# sons new gun



## trago (Nov 27, 2010)

my youngest son [25] got his first self protection 'sock drawer' gun today, an all steel 459 or 469 s and w . Looks brand new, is used. Can anyone shed some light on when these were manufactured? I have a mint 659 that is one of my favorite range guns, and this new acquisition seemed to keep right up wit it, tight groups, ate lots of variant ammo, a real delight. would like to learn more about it,,,thankyou


----------



## DJ Niner (Oct 3, 2006)

According to the Blue Book and depending on the exact model, these guns were discontinued between 1983 and 1988. A 14-shot all-steel model should be the 559, the stainless version was the 659. The 469 (blue) and 669 (stainless) 9mms were compact models (12-shot magazine), but they were only made with an aluminum-alloy frame and steel (or stainless-steel) slide assembly. The 469 and 669 had a small finger extension on the base of the magazine.

559 - discontinued in 1983
659 - discontinued in 1988
469 - discontinued in 1988
669 - made from 1986-1988 only

The full-sized models had a click-adjustable-rear-sight option; the compact guns were fixed (drift-adjustable-only) rear sights.

Overall, they are decent guns. I owned a 469 for several years, never gave me any problems.

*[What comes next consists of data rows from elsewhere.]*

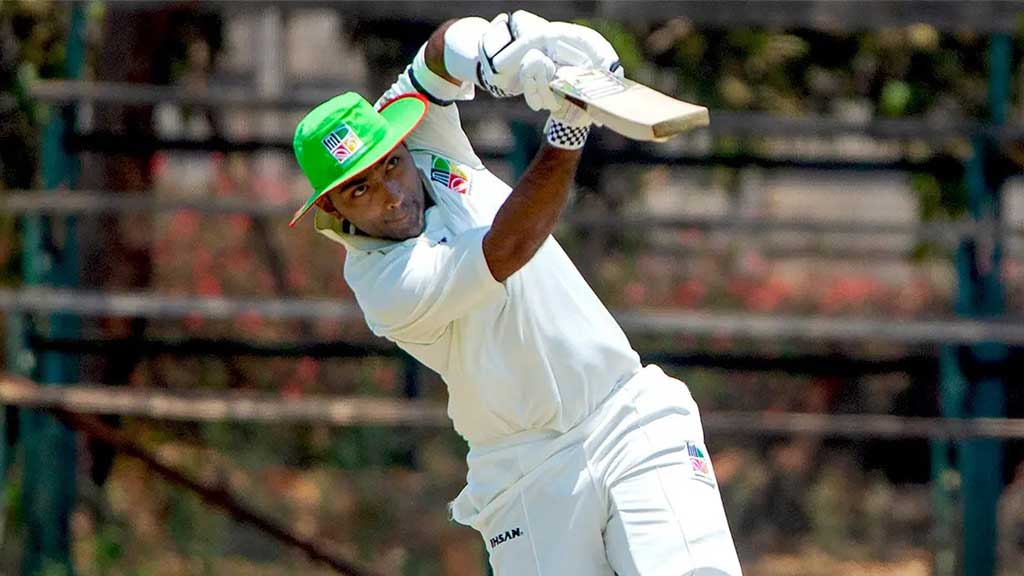 জিম্বাবুয়ের জার্সিতে অভিষেকের দুয়ারে ট্রিপল সেঞ্চুরির রেকর্ড গড়া নাকভি জিম্বাবুয়ের জার্সিতে অভিষেকের দুয়ারে ট্রিপল সেঞ্চুরির রেকর্ড গড়া নাকভি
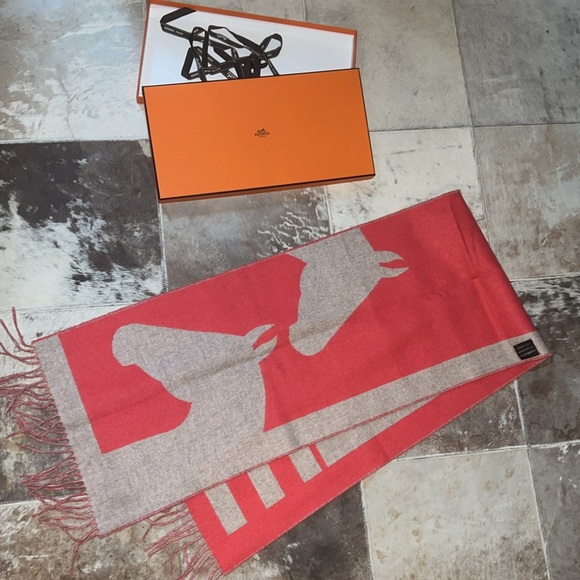 New HERMES cashmere scarf - Picture 4 of 5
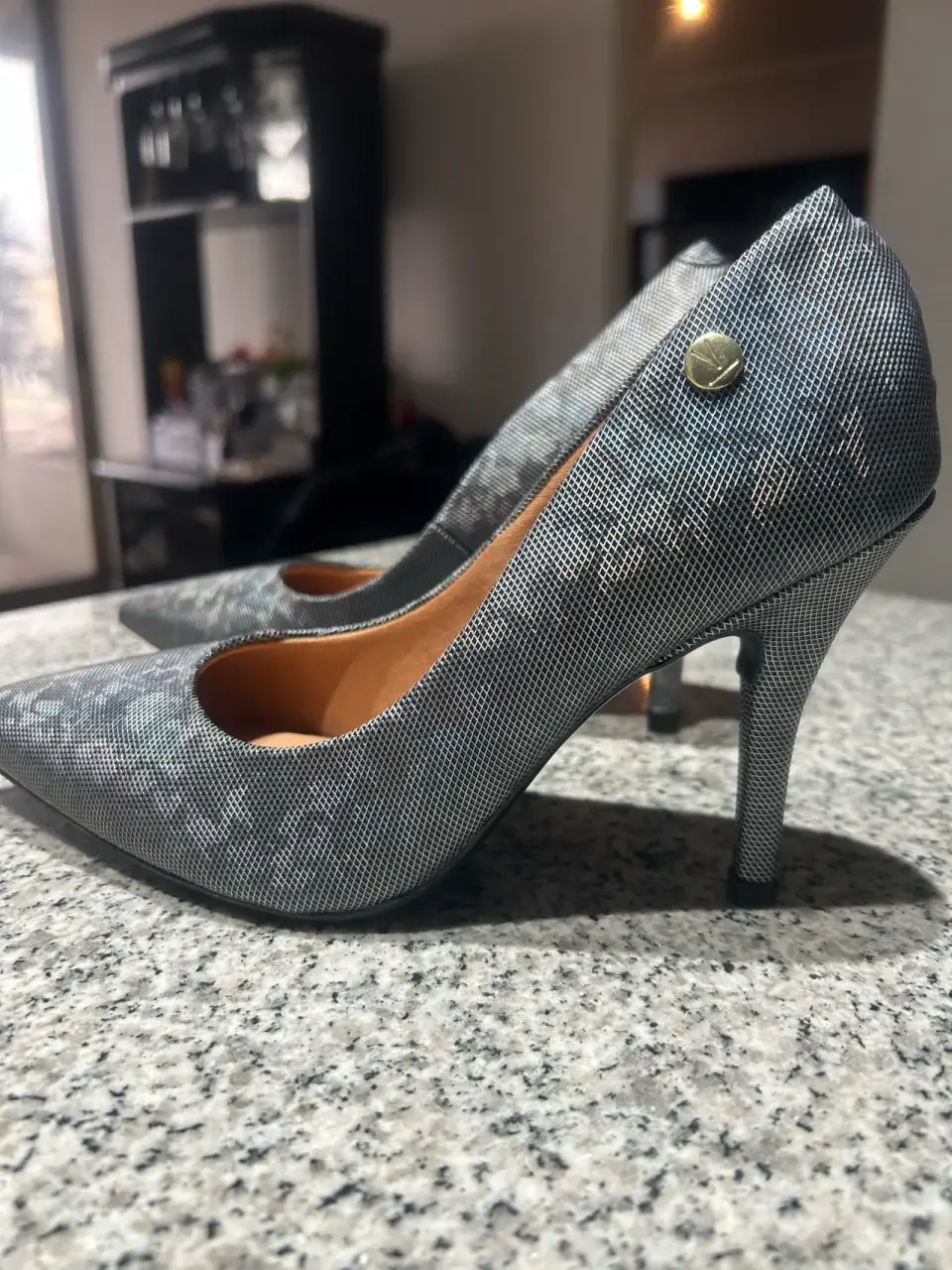 Tacones grises elegantes - miniatura 1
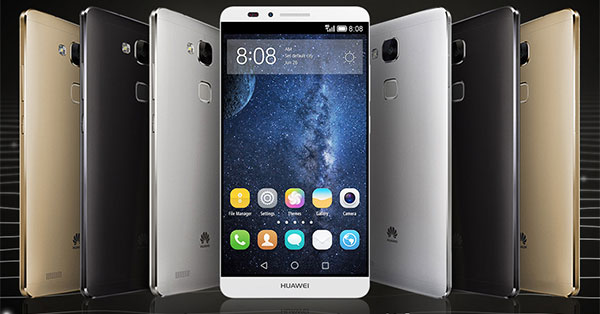 El phablet Huawei Ascend Mate 8 posa para la cámara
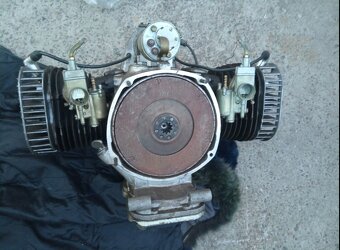 Nové a použité motory převodovky diferenciály Dněpr K750 - 13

Many of the S&W autoloaders were affected by recalls in the late 80s for various problems. More info here:

Firearm Recalls and Safety Warnings- FirearmsID.com

Scroll down to find a specific model (it may be listed in several different areas). I think S&W can still upgrade these guns if they have not yet been modified by the factory; contact S&W customer service for more info (they have a listing of which guns have been modified, so if you give them the serial number, they can tell you if it's okay or still needs an upgrade).


----------